There’s also a third level, which is the description of local procedures specific to one set of users. We cannot even see that level when working for OEMs. For example, when I want to take a day off from work, I have to create a paid-time-off request in my company’s HR database. It’s an off-the-shelf Oracle application, but customized by my company, so the Oracle writers can’t tell me what code to enter.
The wisdom of crowds?
Google and other search engines represent both a threat and an opportunity for technical communicators. We are increasingly asked to provide online information amenable to search, even to the extent of abandoning indexes and tables of contents; or to outright post user information to the Web so search engines can find it. And, some actually say, why even bother?

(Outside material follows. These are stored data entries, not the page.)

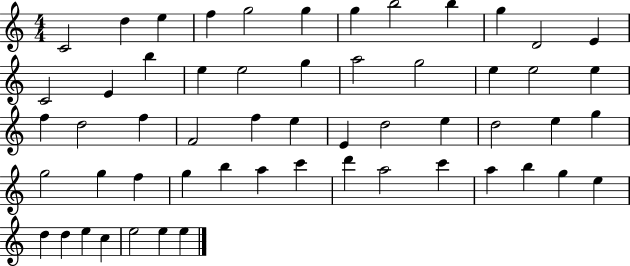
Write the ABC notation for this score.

X:1
T:Untitled
M:4/4
L:1/4
K:C
C2 d e f g2 g g b2 b g D2 E C2 E b e e2 g a2 g2 e e2 e f d2 f F2 f e E d2 e d2 e g g2 g f g b a c' d' a2 c' a b g e d d e c e2 e e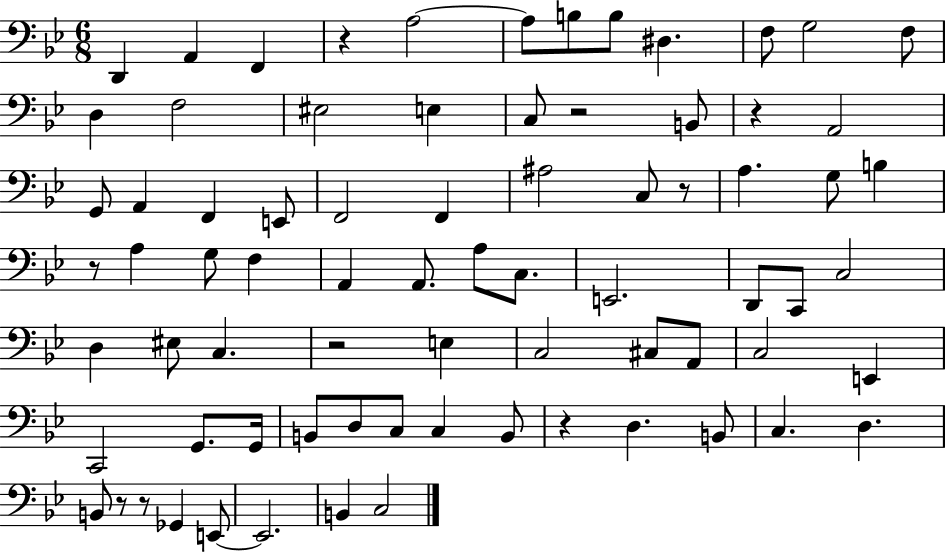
X:1
T:Untitled
M:6/8
L:1/4
K:Bb
D,, A,, F,, z A,2 A,/2 B,/2 B,/2 ^D, F,/2 G,2 F,/2 D, F,2 ^E,2 E, C,/2 z2 B,,/2 z A,,2 G,,/2 A,, F,, E,,/2 F,,2 F,, ^A,2 C,/2 z/2 A, G,/2 B, z/2 A, G,/2 F, A,, A,,/2 A,/2 C,/2 E,,2 D,,/2 C,,/2 C,2 D, ^E,/2 C, z2 E, C,2 ^C,/2 A,,/2 C,2 E,, C,,2 G,,/2 G,,/4 B,,/2 D,/2 C,/2 C, B,,/2 z D, B,,/2 C, D, B,,/2 z/2 z/2 _G,, E,,/2 E,,2 B,, C,2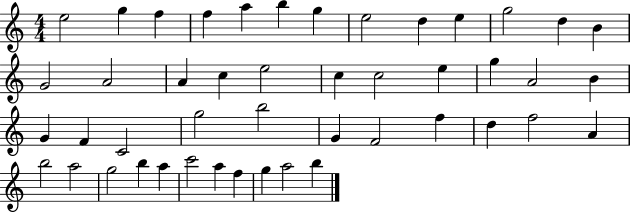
E5/h G5/q F5/q F5/q A5/q B5/q G5/q E5/h D5/q E5/q G5/h D5/q B4/q G4/h A4/h A4/q C5/q E5/h C5/q C5/h E5/q G5/q A4/h B4/q G4/q F4/q C4/h G5/h B5/h G4/q F4/h F5/q D5/q F5/h A4/q B5/h A5/h G5/h B5/q A5/q C6/h A5/q F5/q G5/q A5/h B5/q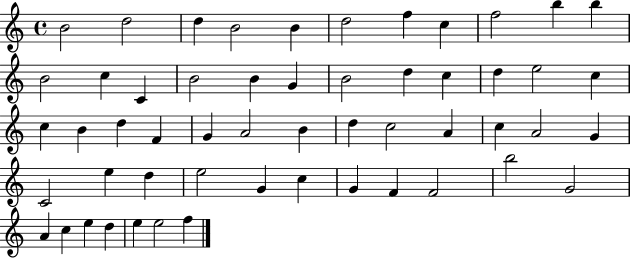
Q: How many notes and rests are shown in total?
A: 54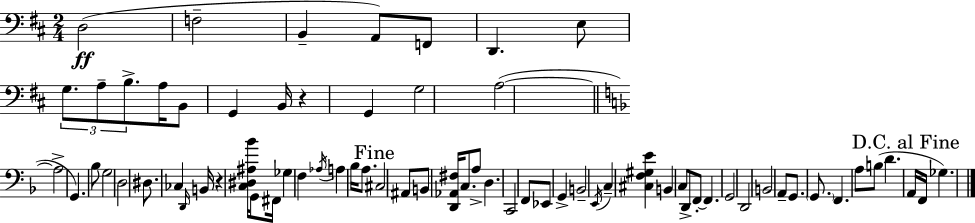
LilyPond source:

{
  \clef bass
  \numericTimeSignature
  \time 2/4
  \key d \major
  d2(\ff | f2-- | b,4-- a,8) f,8 | d,4. e8 | \break \tuplet 3/2 { g8. a8-- b8.-> } | a16 b,8 g,4 b,16 | r4 g,4 | g2 | \break a2~(~ | \bar "||" \break \key f \major a2-> | g,4.) bes8 | g2 | d2 | \break dis8. ces4 \grace { d,16 } | b,16 r4 <c dis ais bes'>16 g,8 | fis,16 ges4 f4 | \acciaccatura { aes16 } a4 bes16 a8. | \break \mark "Fine" cis2 | ais,8 b,8 <d, aes, fis>16 c8. | a8-> d4. | c,2 | \break f,8 ees,8 g,4-> | b,2-- | \acciaccatura { e,16 } c4-- <cis f gis e'>4 | b,4 c8 | \break d,8-> f,8-.~~ f,4. | g,2 | d,2 | b,2 | \break a,8-- g,8. | \parenthesize g,8. f,4. | a8 b8( d'4. | \mark "D.C. al Fine" a,16 f,16 ges4.) | \break \bar "|."
}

So many people are posting to forums and to YouTube with product information that we might as well let the magic of the marketplace document our products for us. (You can pick up your last check on the way out.)

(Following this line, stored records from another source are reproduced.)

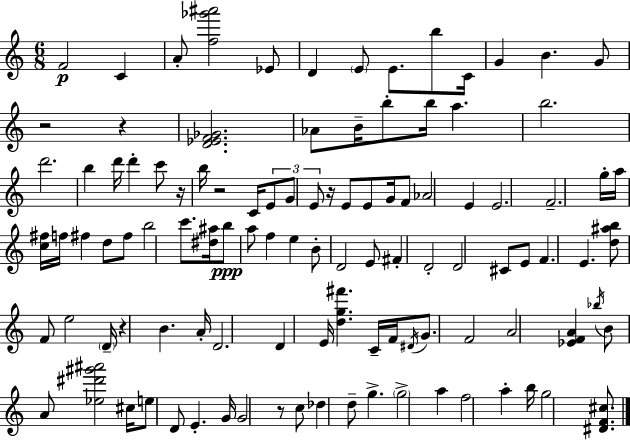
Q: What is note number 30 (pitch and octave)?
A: E4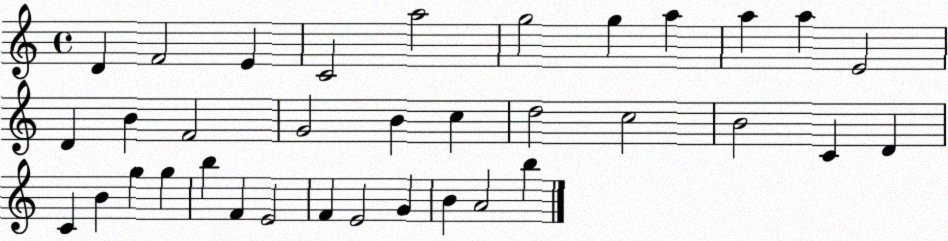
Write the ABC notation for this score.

X:1
T:Untitled
M:4/4
L:1/4
K:C
D F2 E C2 a2 g2 g a a a E2 D B F2 G2 B c d2 c2 B2 C D C B g g b F E2 F E2 G B A2 b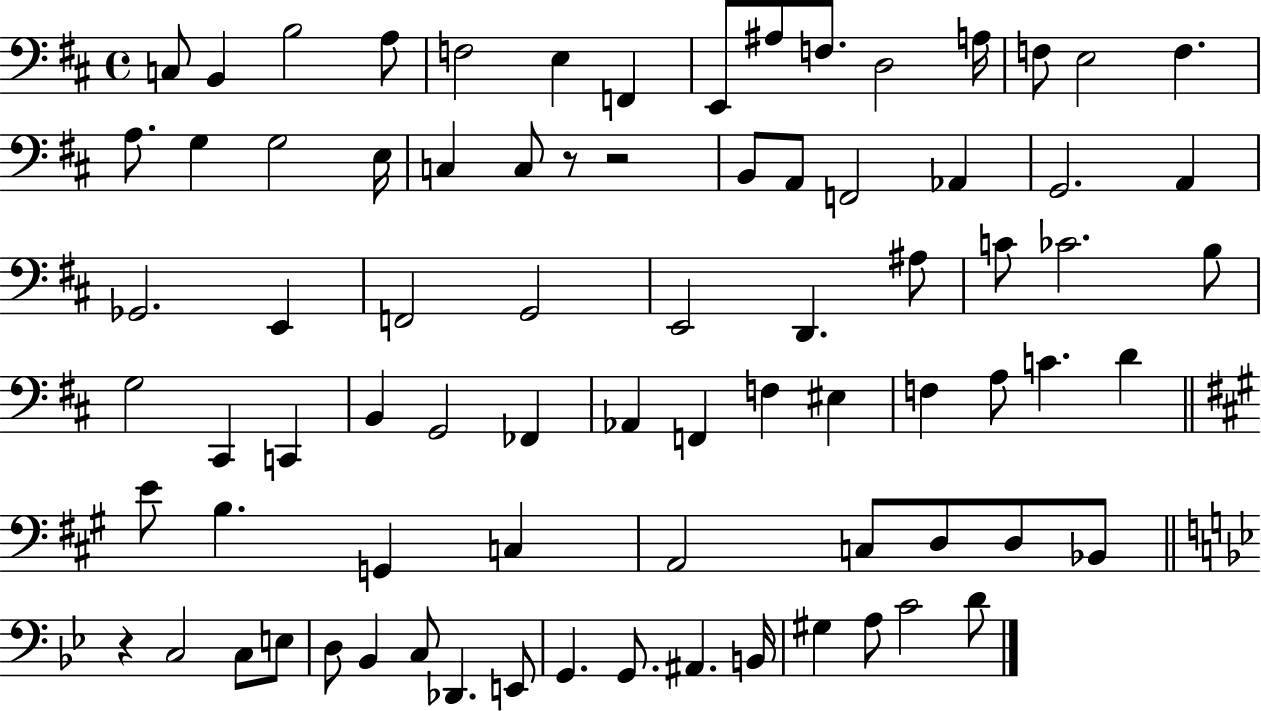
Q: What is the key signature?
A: D major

It’s true that for certain classes of consumer products plentiful information is available online. There are some distinct advantages to third-party information. Use cases are best coming from actual use. You may not be allowed to describe problems with your product, but the crowd will find it. I daresay most of the product information on the Web is accurate, and, for well-regarded products, I daresay most of it is positive. But any company that relies on its customers to provide free documentation will get what it pays for, and by doing so it abandons control of the message. Even for consumer products that I know are federally regulated and carefully documented, such as lawn tractors, you can go on YouTube and see videos of misusage that would make their corporate lawyers’ heads explode. No company that sells a product that can injure or kill their customers can ignore legal liability and let the crowd teach each other how to use it. Can yours? It depends on whether you think something like this inspires caution or emulation. (If it were my company, you’d have me at “legal liability.”)

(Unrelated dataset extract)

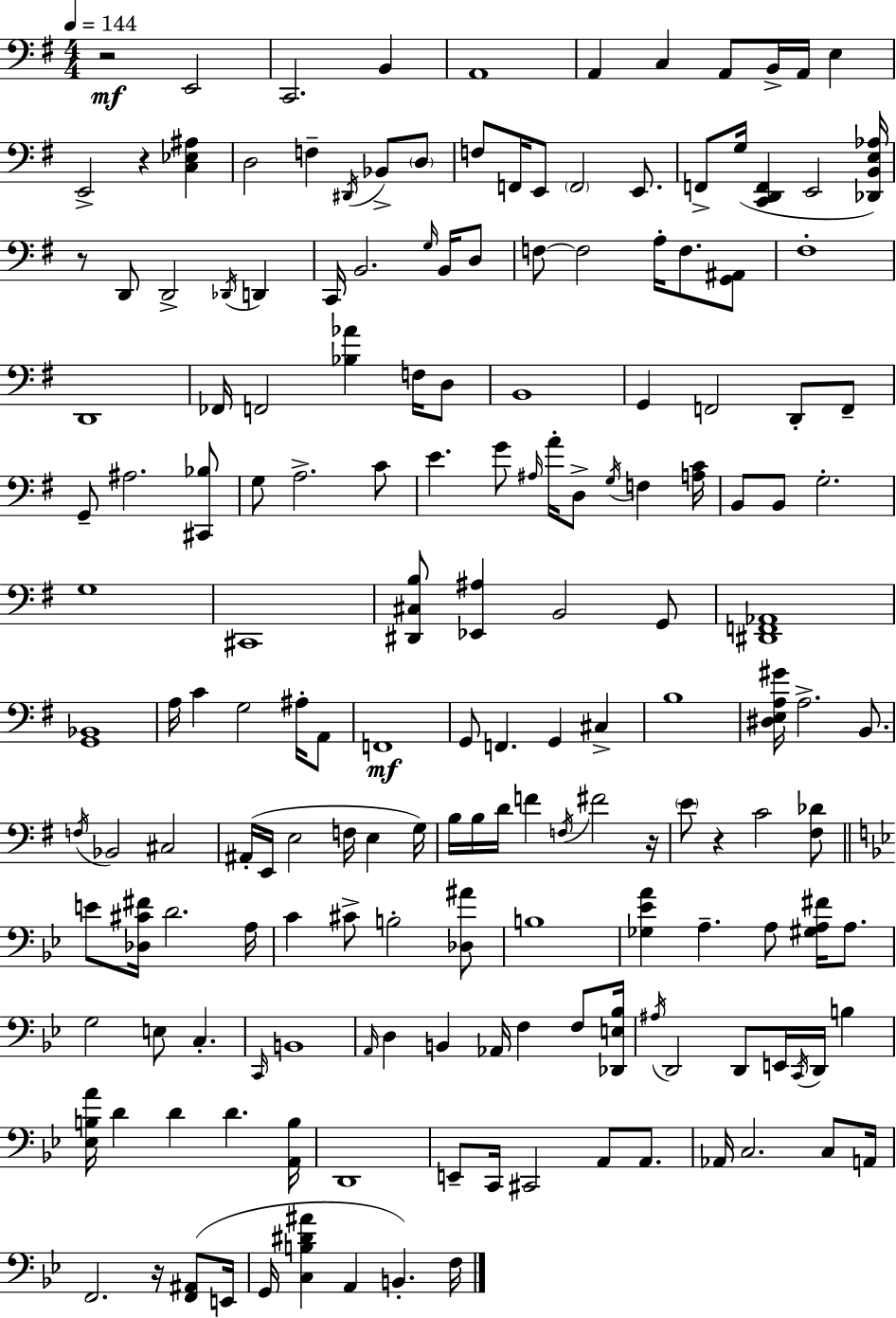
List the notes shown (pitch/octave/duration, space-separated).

R/h E2/h C2/h. B2/q A2/w A2/q C3/q A2/e B2/s A2/s E3/q E2/h R/q [C3,Eb3,A#3]/q D3/h F3/q D#2/s Bb2/e D3/e F3/e F2/s E2/e F2/h E2/e. F2/e G3/s [C2,D2,F2]/q E2/h [Db2,B2,E3,Ab3]/s R/e D2/e D2/h Db2/s D2/q C2/s B2/h. G3/s B2/s D3/e F3/e F3/h A3/s F3/e. [G2,A#2]/e F#3/w D2/w FES2/s F2/h [Bb3,Ab4]/q F3/s D3/e B2/w G2/q F2/h D2/e F2/e G2/e A#3/h. [C#2,Bb3]/e G3/e A3/h. C4/e E4/q. G4/e A#3/s A4/s D3/e G3/s F3/q [A3,C4]/s B2/e B2/e G3/h. G3/w C#2/w [D#2,C#3,B3]/e [Eb2,A#3]/q B2/h G2/e [D#2,F2,Ab2]/w [G2,Bb2]/w A3/s C4/q G3/h A#3/s A2/e F2/w G2/e F2/q. G2/q C#3/q B3/w [D#3,E3,A3,G#4]/s A3/h. B2/e. F3/s Bb2/h C#3/h A#2/s E2/s E3/h F3/s E3/q G3/s B3/s B3/s D4/s F4/q F3/s F#4/h R/s E4/e R/q C4/h [F#3,Db4]/e E4/e [Db3,C#4,F#4]/s D4/h. A3/s C4/q C#4/e B3/h [Db3,A#4]/e B3/w [Gb3,Eb4,A4]/q A3/q. A3/e [G#3,A3,F#4]/s A3/e. G3/h E3/e C3/q. C2/s B2/w A2/s D3/q B2/q Ab2/s F3/q F3/e [Db2,E3,Bb3]/s A#3/s D2/h D2/e E2/s C2/s D2/s B3/q [Eb3,B3,A4]/s D4/q D4/q D4/q. [A2,B3]/s D2/w E2/e C2/s C#2/h A2/e A2/e. Ab2/s C3/h. C3/e A2/s F2/h. R/s [F2,A#2]/e E2/s G2/s [C3,B3,D#4,A#4]/q A2/q B2/q. F3/s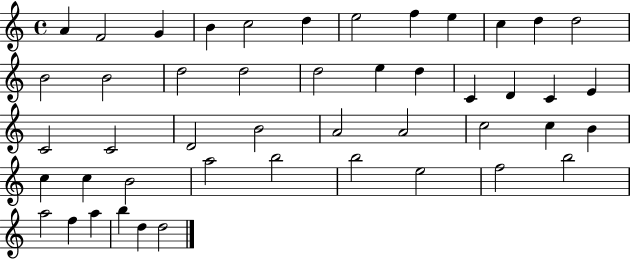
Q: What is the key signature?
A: C major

Go to the Apple support forums with a problem and search for a solution. (Believe me, I have.) You will find lots of posts from people with the same problem, perplexed and angry and exchanging ideas that don’t work. A heroic few know what they’re talking about and struggle to answer the questions. With luck you can discern which ones are which. It doesn’t leave a favorable impression. And this is for the company that enjoys the highest customer satisfaction ratings in the industry! Your product will do worse. Remember, a dissatisfied customer will talk to more people than a satisfied one; the ratio I’ve seen is three to one.
Speaking as a consumer, then, I regard information posted to the Web as suspect, because it isn’t uniformly positive or even correct. This is equally a problem for information producers. If you don’t control the message, you might not like the result.
Finally, if I haven’t yet disabused you of the notion of crowdsourcing, if your product is regulated, not a consumer product, proprietary, military, or (in my case) the user community is small, you can’t even dream of crowdsourcing, because you just won’t have a crowd!
So, all in all, are you sure you want to leave your documentation to the crowd? I didn’t think so. If someone suggests it, I think these are all persuasive counterarguments.